After ascending to the top position in the Senate, national pundits believed Senate Majority Leader Mitch McConnell’s hold on the chamber might have been short-lived in a difficult electoral environment with 24 Republicans up for re-election Nov. 8 and expectations that Clinton would top Trump for the presidency.

But McConnell and the GOP stayed in the majority on Election Day, losing seats in Illinois and New Hampshire to maintain a slim 52-member majority.

Electoral prospects for Senate Republicans are rosier in the 2018 midterms, with 23 Democrats and two independents who caucus with Democrats up for re-election to the GOP’s eight.

State Supreme Court rules 5-2 against Bevin’s current-year budget cuts

UofL wasn’t the only issue over which Beshear took Bevin to court.

After the governor ordered 4.5 percent cuts to state universities’ fourth-quarter allotments in the final months of fiscal year 2016, Beshear filed a lawsuit accusing Bevin of overstepping his authority.

The attorney general lost the first round in Franklin Circuit Court, but the Kentucky Supreme Court ruled in a 5-2 decision Sept. 22 that Bevin couldn’t alter university budgets without a deficit, in part because the legislature made the institutions “independent bodies politic with their own expenditures.”

The high court’s decision returned $18 million to state universities.

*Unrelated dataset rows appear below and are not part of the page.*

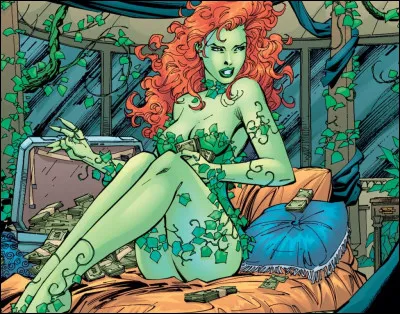 Année d'apparition : 1966
Autre identité : Pamela Lillian Isley 
Au commencement : Riche étudiante et cobaye de son professeur.
Spécialité : La botanique et la toxicologie.
Qui est ce Méchant ?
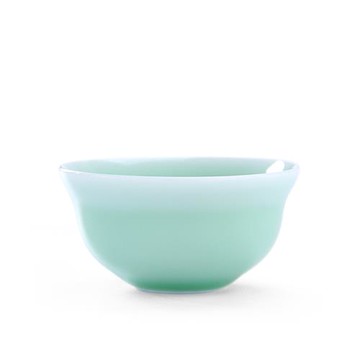 茗豐堂 龍泉青瓷半手工品茗杯隨心茶杯功夫茶具主人杯普洱茶杯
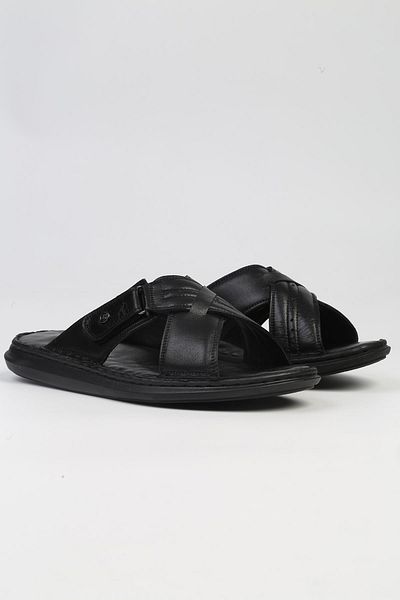 Pierre Cardin ® |   PC-5121-3892 Μαύρες-Ανδρικές Παντόφλες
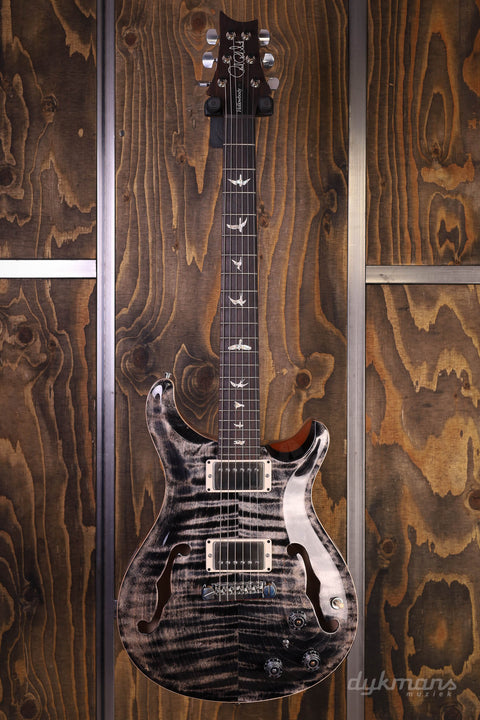 PRS Hollowbody II Piezo Charcoal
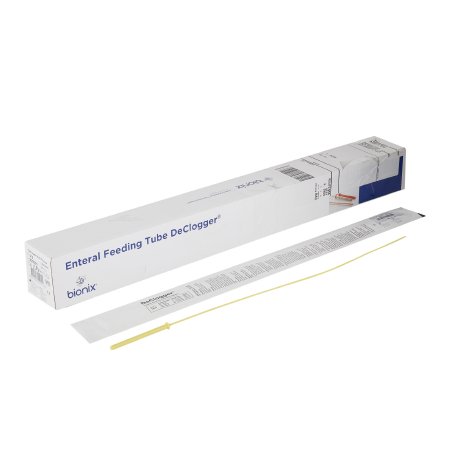 Enteral Feeding Tube Declogger DeCloggers® Yellow, 16 - 22 Fr., 39.5 cm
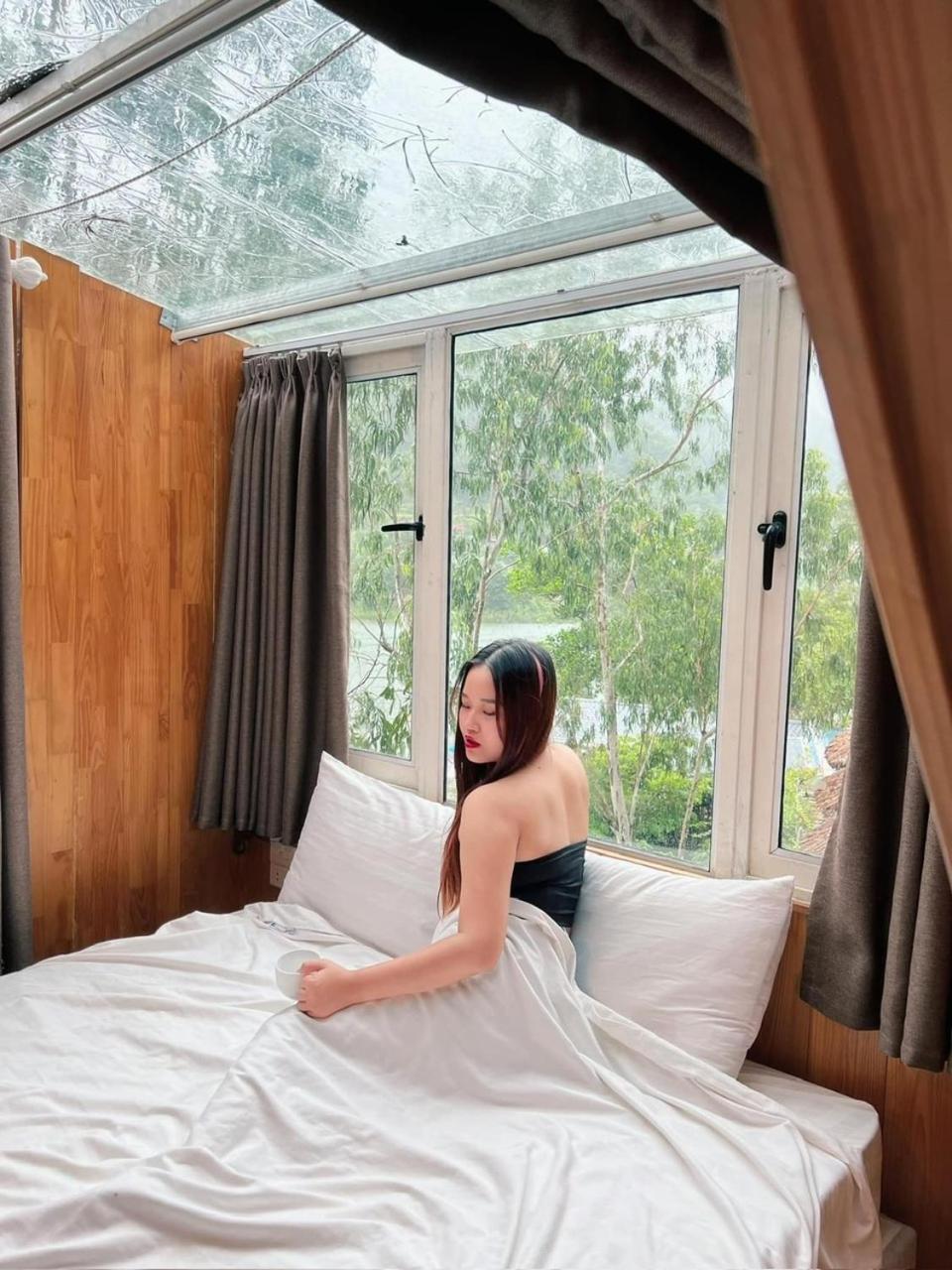 Nha Ven Ho Dong Do, Minh Tri, Soc Son, Ha Noi Daire Hanoi Dış mekan fotoğraf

Republicans hold first presidential caucus after Paul withdraws from race

Looking for a way to run for president and re-election, U.S. Sen. Rand Paul convinced RPK to hold a presidential caucus this year rather than the traditional primary. State law prevents candidates from appearing more than once on the same ballot, and previous efforts to change that law to exclude federal offices from the prohibition were stymied in the Democrat-held House.

Paul ponied up $250,000 for the March 5 caucus, but he dropped out of the race days after the Feb. 1 Iowa caucuses.

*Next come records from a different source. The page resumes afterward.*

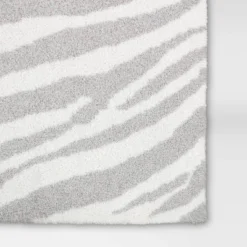 Cozy Feathery Knit Zebra Throw Blanket Gray - Threshold™ 8 Cozy Feathery Knit Zebra Throw Blanket Gray - Threshold™ -Threshold GUEST dcc96bdc eff6 4c89 b6a3 0f7ee8489cf0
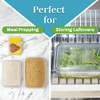 Homemaid Living Premium Airtight Storage Containers Easy Lock Lid Set of 7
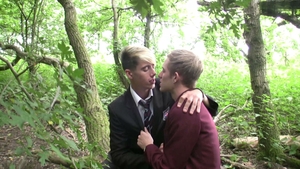 Two Strangers United By One Forbidden Act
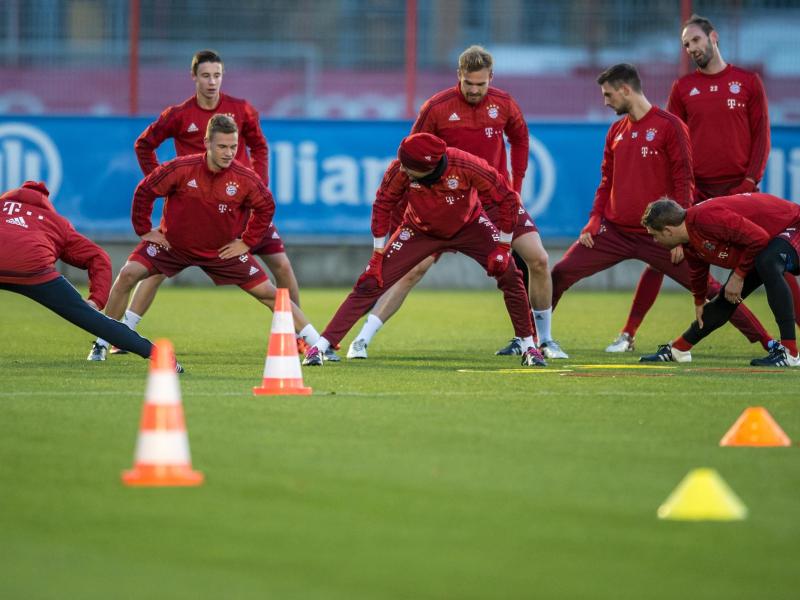 Erstes Bayern-Training 2016 ohne Quartett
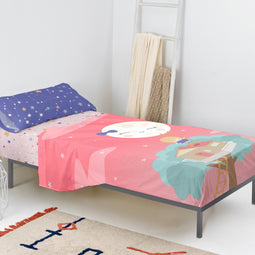 Happy Friday Moon dream Sheet set 2 piece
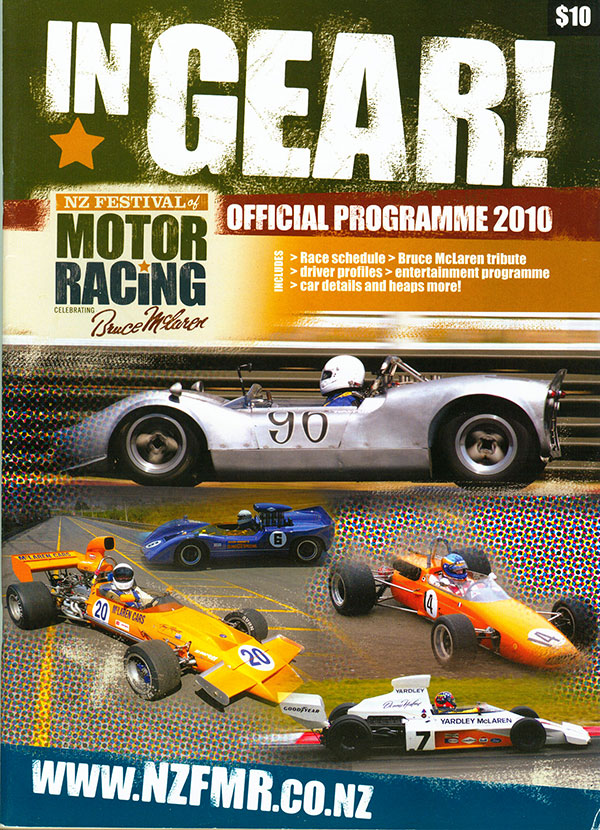 2010 NZFMR McLaren Festival Pg 1 Front Cover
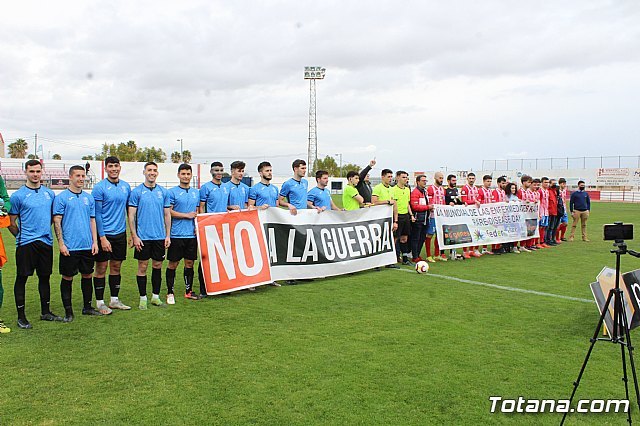 El Olímpico de Totana se suma a dar visibilidad al Día Mundial de las Enfermedades Raras en su último encuentro, Foto 1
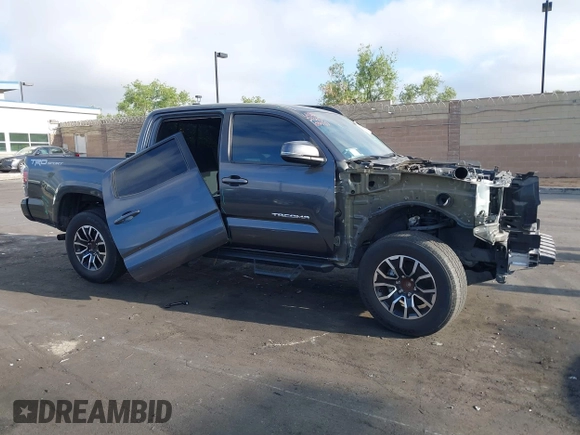 2022 Toyota Tacoma SR5 with VIN 3TMAZ5CN5NM181034, listed as a IAAI auction lot 42243200 with Not provided miles and . Bid and sale history available at DreamBid. Image 14.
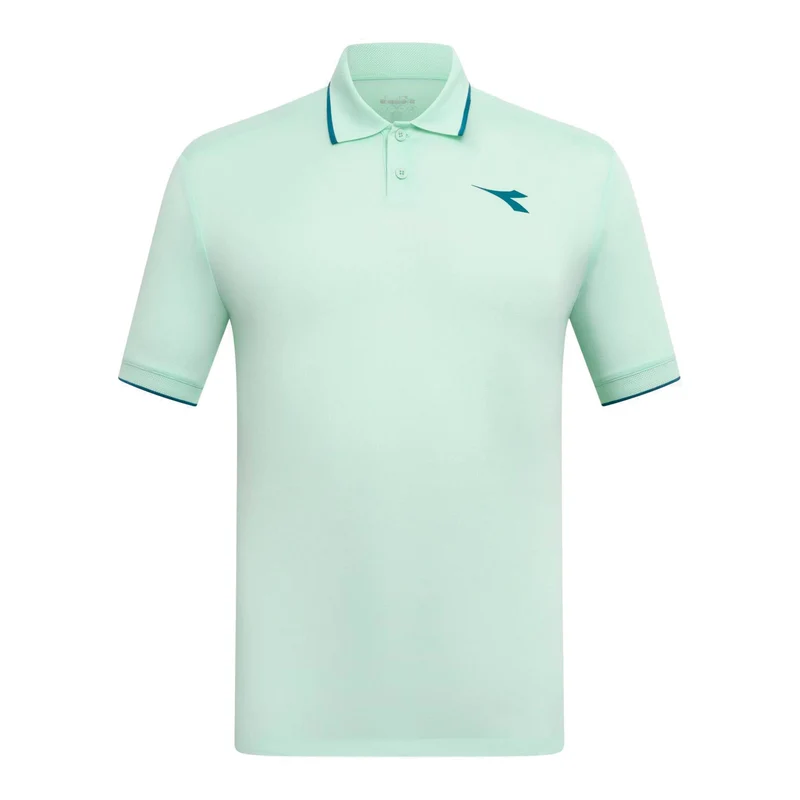 Match Polo Herren-grün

Trump, the president-elect, carried the Kentucky caucus with nearly 36 percent of the vote, followed by Texas Sen. Ted Cruz’s 31.6 percent.

It’s unclear whether state Republicans will hold another party-operated caucus in the next presidential cycle in 2020. More Republicans cast ballots in the caucus, 229,667, than in the 2008 and 2012 primaries — 197,793 and 176,160, respectively — despite some voter confusion on caucus procedures, including absentee voting.

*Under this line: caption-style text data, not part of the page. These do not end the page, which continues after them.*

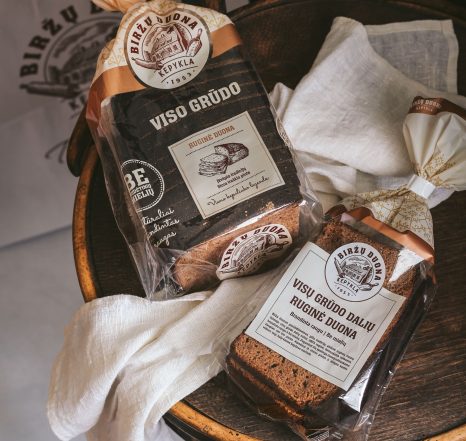 Viso grūdo ruginė – nuo šiol ir mažesnėje pakuotėje!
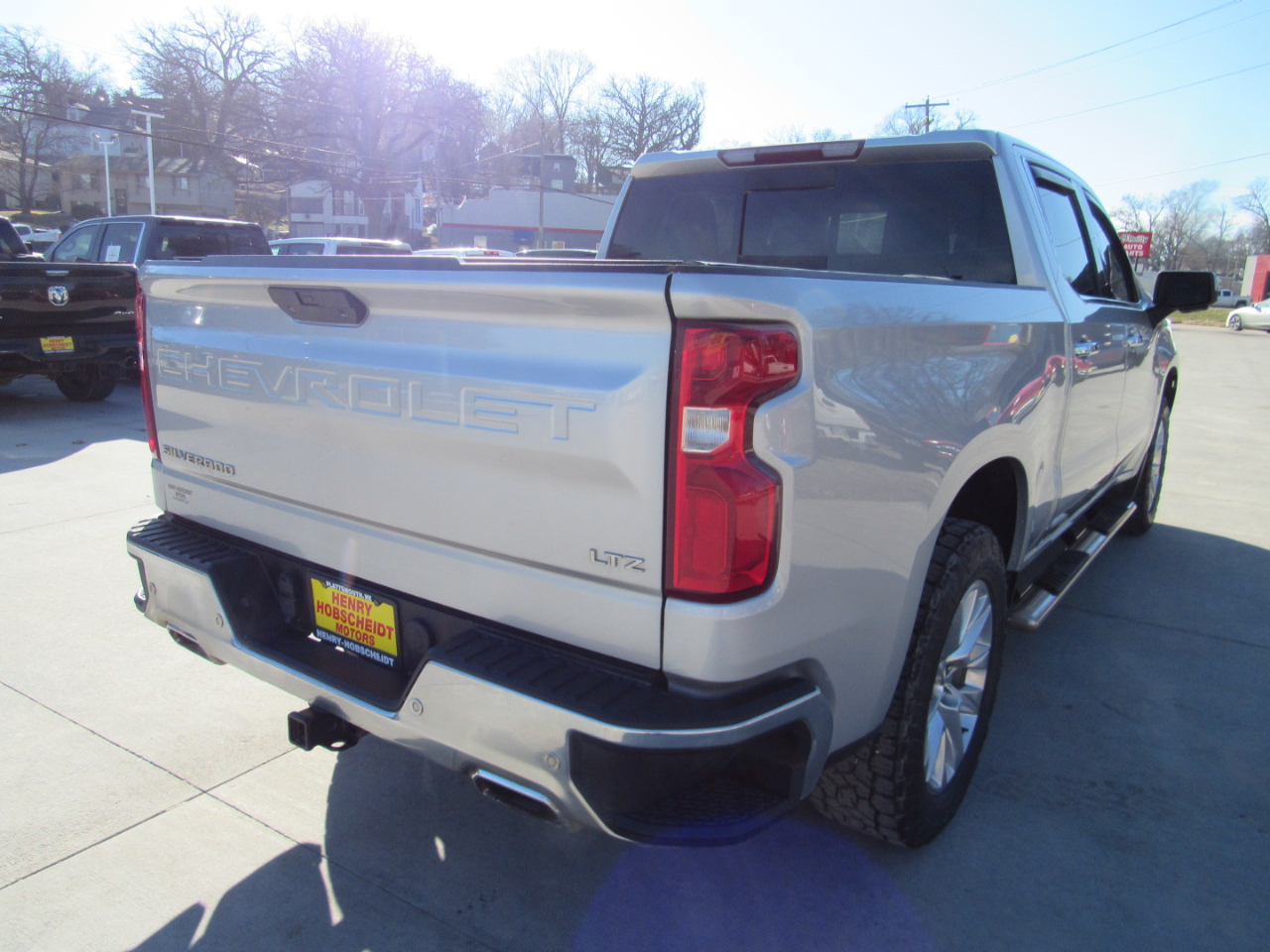 Chevrolet Silverado 1500 LTD  2022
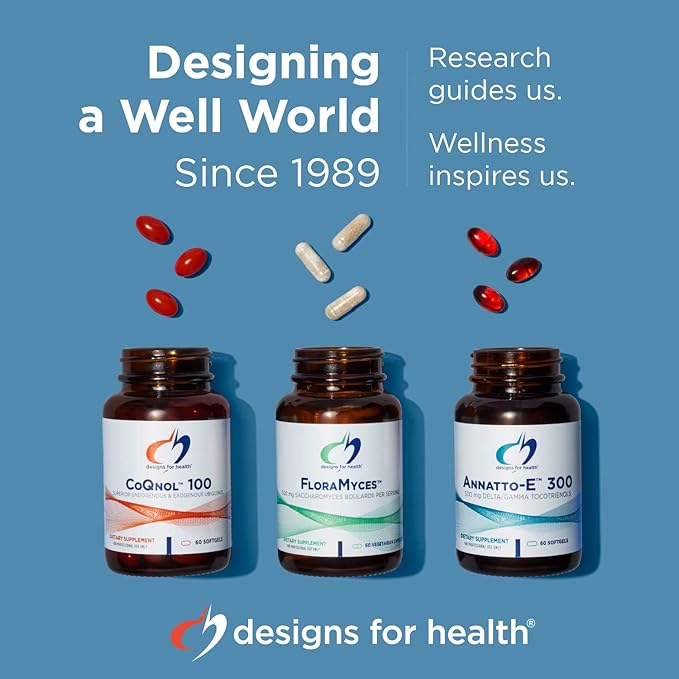 Designs for Health Magnesium Glycinate Complex (60 Capsules) & Whole Body Collagen (30 Servings) Bundle - High Absorption Magnesium with Premium Collagen Powder to Support Bones, Skin & Joints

Kentucky Democrats boxed out of two branches of state government

After losing gubernatorial, auditor and treasurer races in 2015, the Kentucky Democratic Party needed to rebound and retain its hold on the state House.

The combination of a better-funded Republican Party of Kentucky, well-armed outside groups and a presidential contest in which the Democratic candidate won just two of the state’s 120 counties kept that from happening.

Losing the House puts Kentucky Democrats in uncharted waters in modern history, with Republicans in control of the executive and legislative branches, the latter with supermajorities in the House and Senate.

Beshear and Secretary of State Alison Lundergan Grimes are the only Democrats in statewide office, and U.S. Rep. John Yarmuth is the state party’s sole representative in Congress.